WEEN – La Cucaracha
(Chocodogs Records / PIAS) [site] – acheter ce disque
Pourquoi ? Pourquoi est-ce que, eux, ils y arrivent ? Pourquoi est-ce que Ween arrive à mélanger tous les styles, à jouer de tout avec une facilité et une cohérence indécentes ? Oui, Ween ne ressemble à rien… et à personne : Ween ne ressemble même pas à Ween ! Ne cherchez pas de comparaisons, ne tentez pas non plus de situer "La Cucaracha", leur dernier album, dans leur foisonnante discographie. Ween fait partie de ces groupes cultes de l’underground, vénérés par une poignée de fans et dont la gloire éphémère ne les a pas fait dévier d’un pouce de la longue, étroite et sinueuse route de l’intégrité musicale.
"Cucaracha", c’est un cafard, une chanson un peu kitsch, mais aussi un chant révolutionnaire mexicain.
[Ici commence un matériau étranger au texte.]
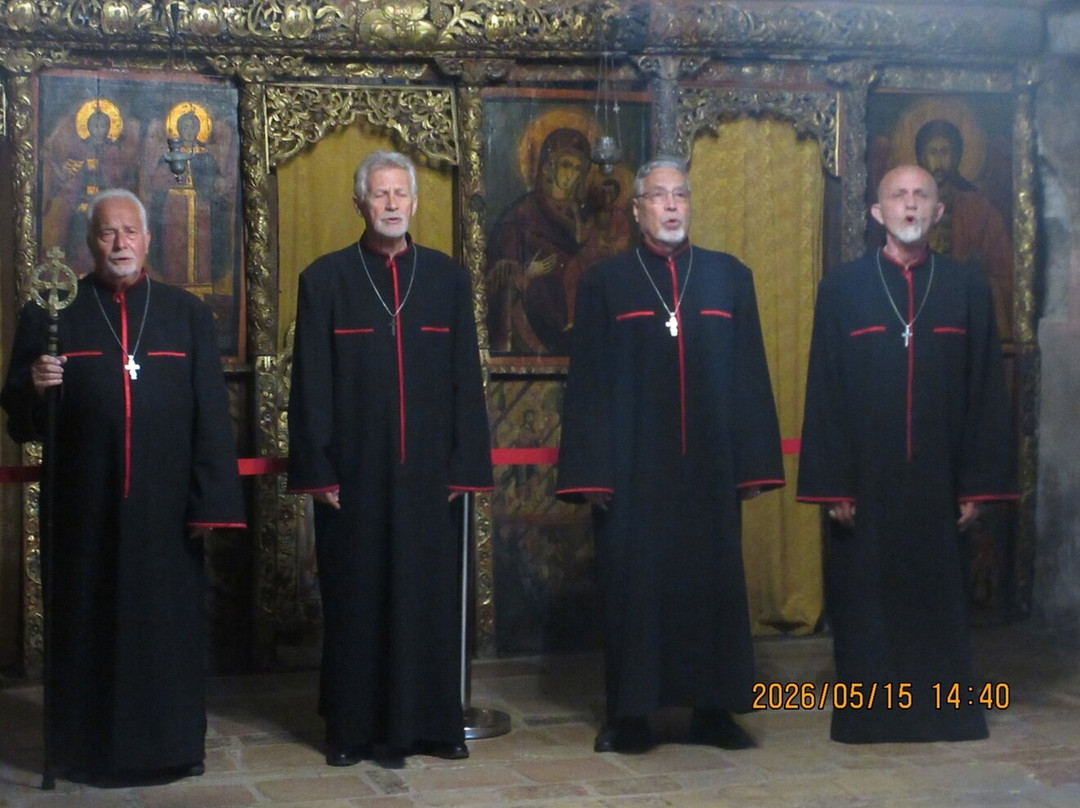 Church of Saints Archangels Michael and Gabriel-Arbanasi必去景点
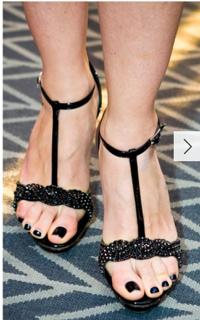 Anna Pletneva feet photo 13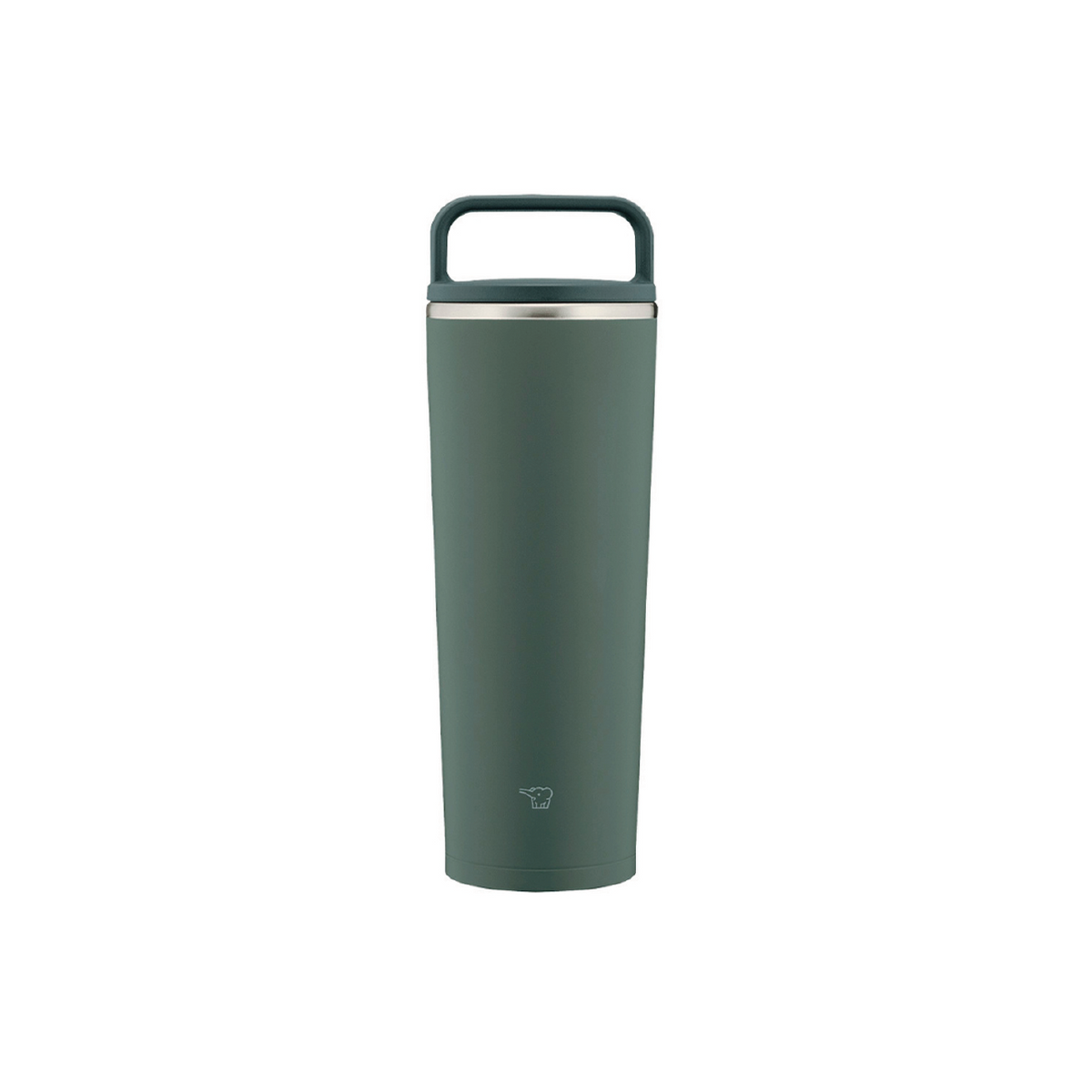 조지루시(ZOJIRUSHI) 보온보냉 손잡이 텀블러 400ml(SX-JA40)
Et c’est bien ça Ween : sous de faux airs négligés et légers de groupe aux paroles futiles, se cache un duo bien plus sérieux et profond qu’il n’y paraît. Pour moi, Ween n’a pas de second degré, il est intensément plongé dans une quête quasi sémiotique des éléments constitutifs du rock, accompagné de The Residents, Zappa, The Beatles et autres illuminés et illuminateurs de la musique du diable… Mais revenons-en à "Cucaracha".
Alors, ce dernier album ? Hétéroclite ? Voyez plutôt : styles évoqués dans l’ordre des chansons : instrumental empli de trompettes grisantes, chanson pop, techno flirtant avec Cher (?), ballade, chanson country (à relier à leur magistral "12 Golden Country Greats"), un rock sudiste enlevé, un reggae / dub, une ballade passée au vocoder, un bon rock’n’roll sixties, une chanson pop seventies où des chœurs soul relèvent le tout, ballade au piano avec harpe, chanson expérimentalo-instrumentiste (flûte, tambourin, tamtam…) puis vient l’enchaînement du tamtam vers le délire de l’album dans lequel The Mars Volta rendent hommage à Santana, et où Zappa se réincarne dans la démesure psychédélique, avec reprise du couplet à la Funkadelic, bref, une orgie de dix minutes où l’on a même droit au tir de mitraillettes et cris de femmes du meilleur goût. Et enfin, une chanson soul jazzy un peu gay(e). C’est promis, vous trouverez tout ça sous la surface terne et fade de la pochette (on a connu bien mieux : "Chocolate and Cheese" ?). Ween sort une fois de plus grand gagnant de cet exercice difficile qu’ils affrontent courageusement, toujours créatifs, toujours différents, toujours novateurs. Certes, ce n’est pas forcément leur meilleur album ("The Pod" ? "Quebec" ?), mais peut-on en sortir un tant la carrière de Ween se développe sur une complexe alchimie, un amalgame tendant vers un idéal qui nous échappe, nous pauvres auditeurs mortels ?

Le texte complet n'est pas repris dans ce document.